Parfois, j’ai l’impression que nous, vignerons indépendants, vignerons artisans, menons un combat qui va bien au-delà de l’élaboration des meilleurs vins possibles. Un combat contre un monde conduisant, inexorablement, vers plus de concentration : des entreprises toujours plus grosses, toujours plus efficaces, toujours plus rentables.

J’ai décidé de reprendre le domaine familial en lisant le texte de Jean GIONO :

« Lettre aux paysans sur la pauvreté et la paix. »

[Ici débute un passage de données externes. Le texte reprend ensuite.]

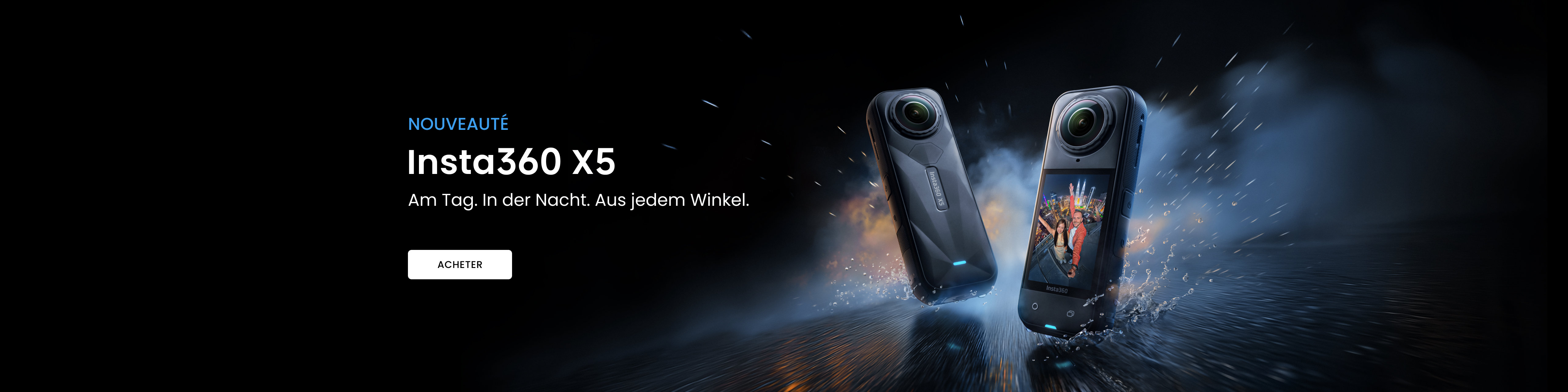 Promotion banner 7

Drôle de titre pour choisir son métier alors qu’aujourd’hui tant de jeunes ne rêvent que d’être youtubeurs pour gagner le maximum d’argent dans le minimum de temps…

Mais, qu’on ne s’y trompe pas ! Je ne veux surtout pas opposer les époques ou les rêves de chacun, ni me positionner dans le camp du bien contre le méchant monde moderne amoral… Je crains juste que cette société où individualisme et matérialisme règnent en maîtres mène plus difficilement au bonheur que celle des décennies précédentes…

Car c’est de bonheur dont il s’agit… Et mon métier est capable d’emmener vers des bonheurs simples. Simples mais extraordinaires !

Tout d’abord car il permet la contemplation. La contemplation de la nature, toujours changeante, toujours renouvelée. Ensuite car il permet l’émerveillement : Emerveillement devant les premiers bourgeons de vignes qui, chaque année, éclatent et nous font la promesse d’une nouvelle récolte. Emerveillement devant la transformation magique de raisins en un liquide translucide aux reflets dorés ou violacés capable de traverser les années… Ce vin qui est l’aboutissement de décennies de travail, à la vigne à la cave… L’aboutissement de milliers d’heures de réflexions, de soucis et de joie partagées.

Car prendre soin d’un domaine viticole c’est, avant tout, aimer partager. Aimer les rencontres, les moments de fête et de confidences. Aimer transmettre et aimer recevoir.

Aimer s’effacer devant la nature.

Alors oui, c’est une sorte de combat que nous sommes quelques-uns à mener pour que perdure une certaine idée de la paysannerie. Sans refuser le progrès, mais en gardant toujours à l’esprit ce pourquoi nous avons choisi le travail de la vigne.